(DATA IN THIS EXERCISE begins)
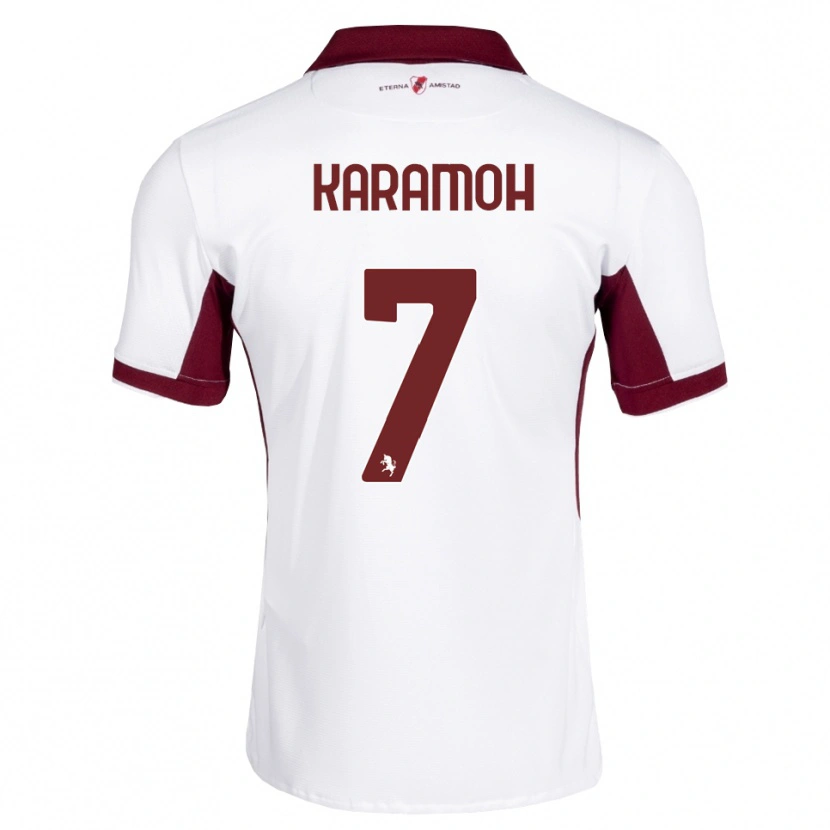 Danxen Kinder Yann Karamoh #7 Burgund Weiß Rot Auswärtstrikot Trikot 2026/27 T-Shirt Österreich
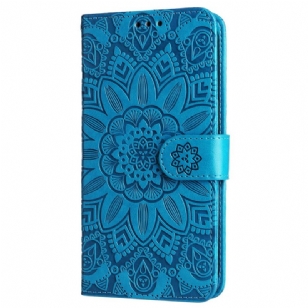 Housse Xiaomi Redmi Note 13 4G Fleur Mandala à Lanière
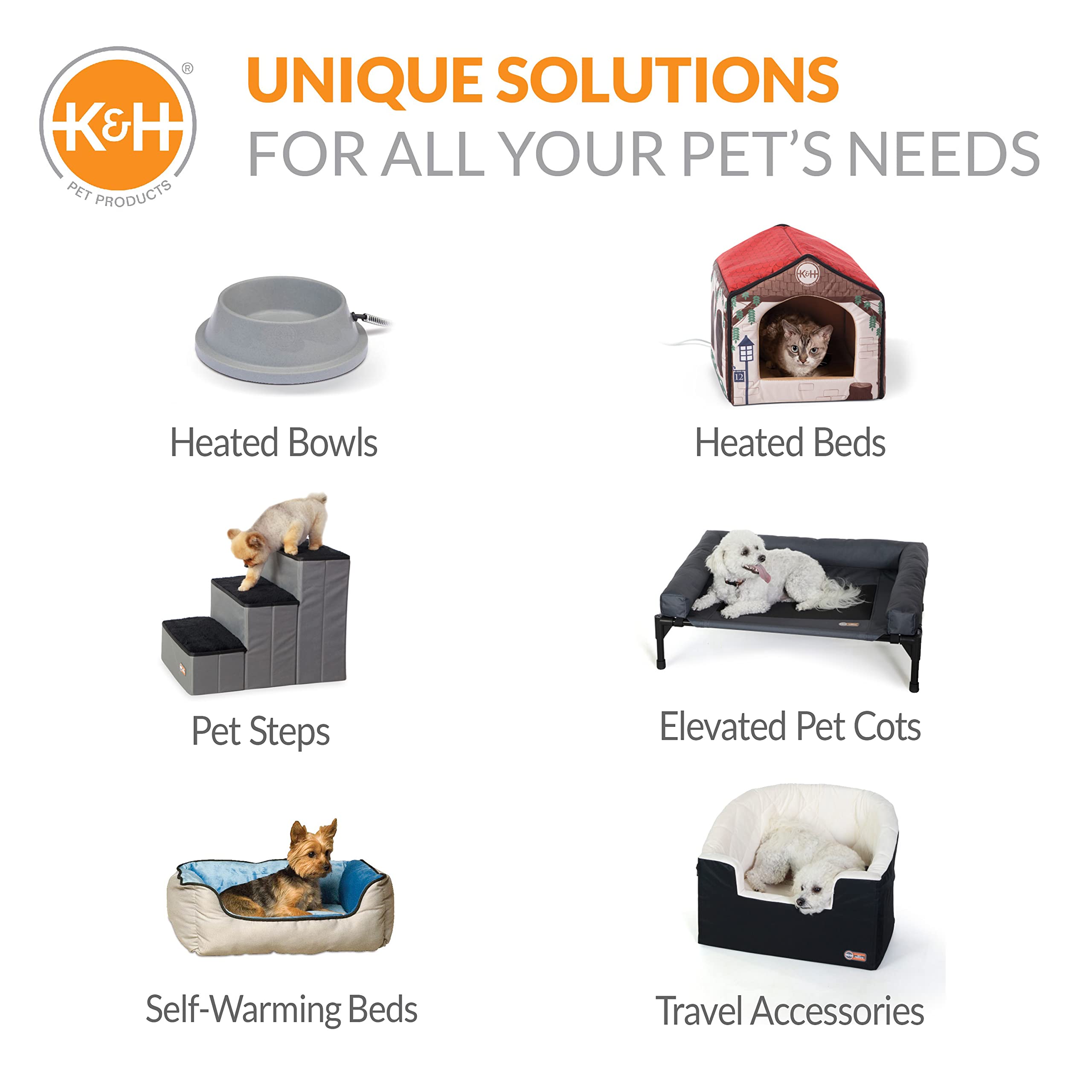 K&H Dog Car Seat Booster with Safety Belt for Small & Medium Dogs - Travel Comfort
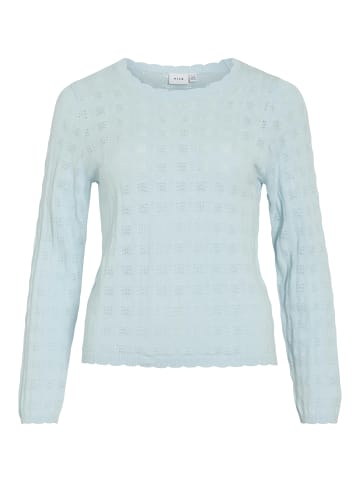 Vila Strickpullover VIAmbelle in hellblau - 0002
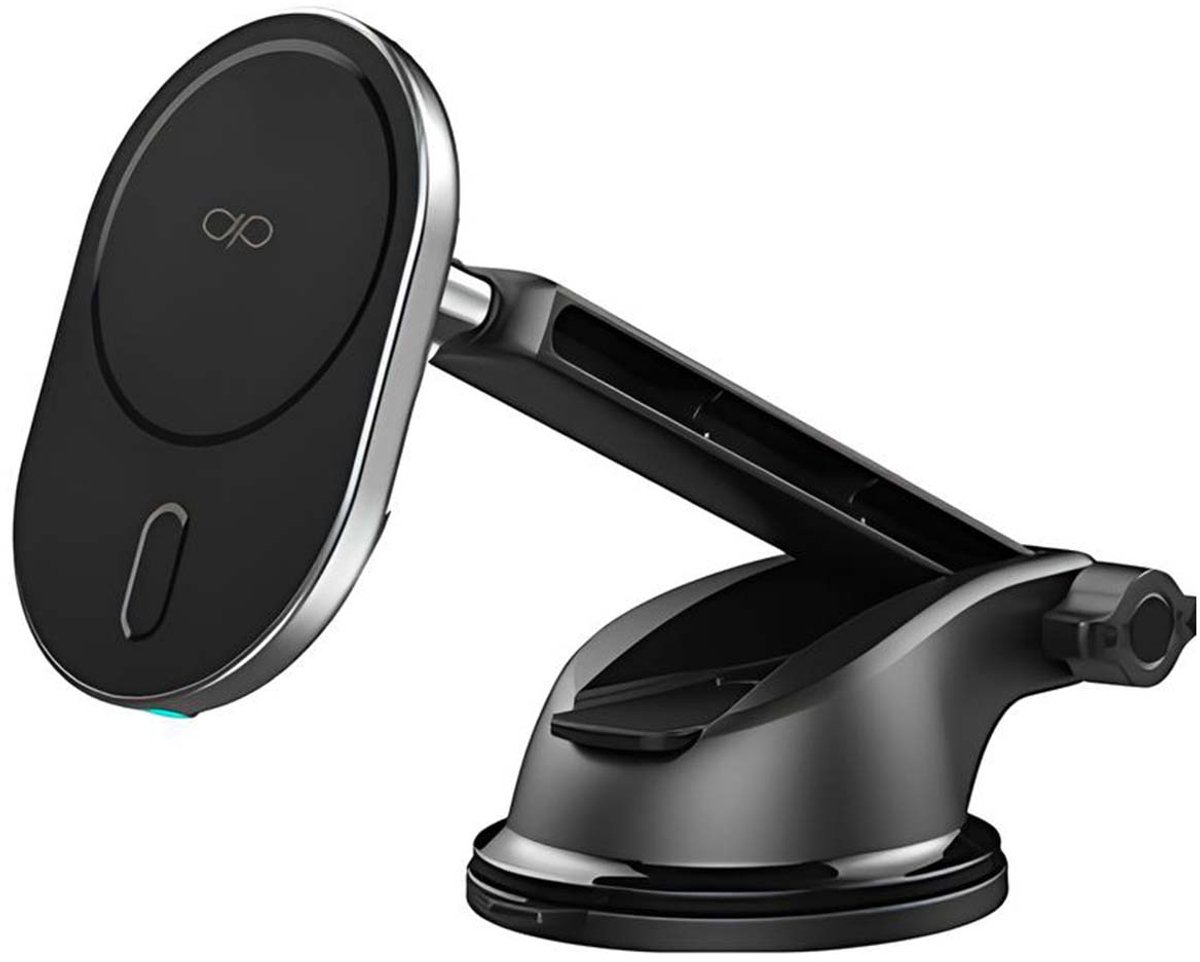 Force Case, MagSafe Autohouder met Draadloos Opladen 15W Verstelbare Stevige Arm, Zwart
(DATA IN THIS EXERCISE ends)
* WHAT YOU SHOULD DO: Transcribe the span of lines that runs from the line with "K&H Dog Car" to the end of the data, both ends included, exactly, with nothing else and no pictures.

* ANSWER BOX:
 K&H Dog Car Seat Booster with Safety Belt for Small & Medium Dogs - Travel Comfort
 Vila Strickpullover VIAmbelle in hellblau - 0002
 Force Case, MagSafe Autohouder met Draadloos Opladen 15W Verstelbare Stevige Arm, Zwart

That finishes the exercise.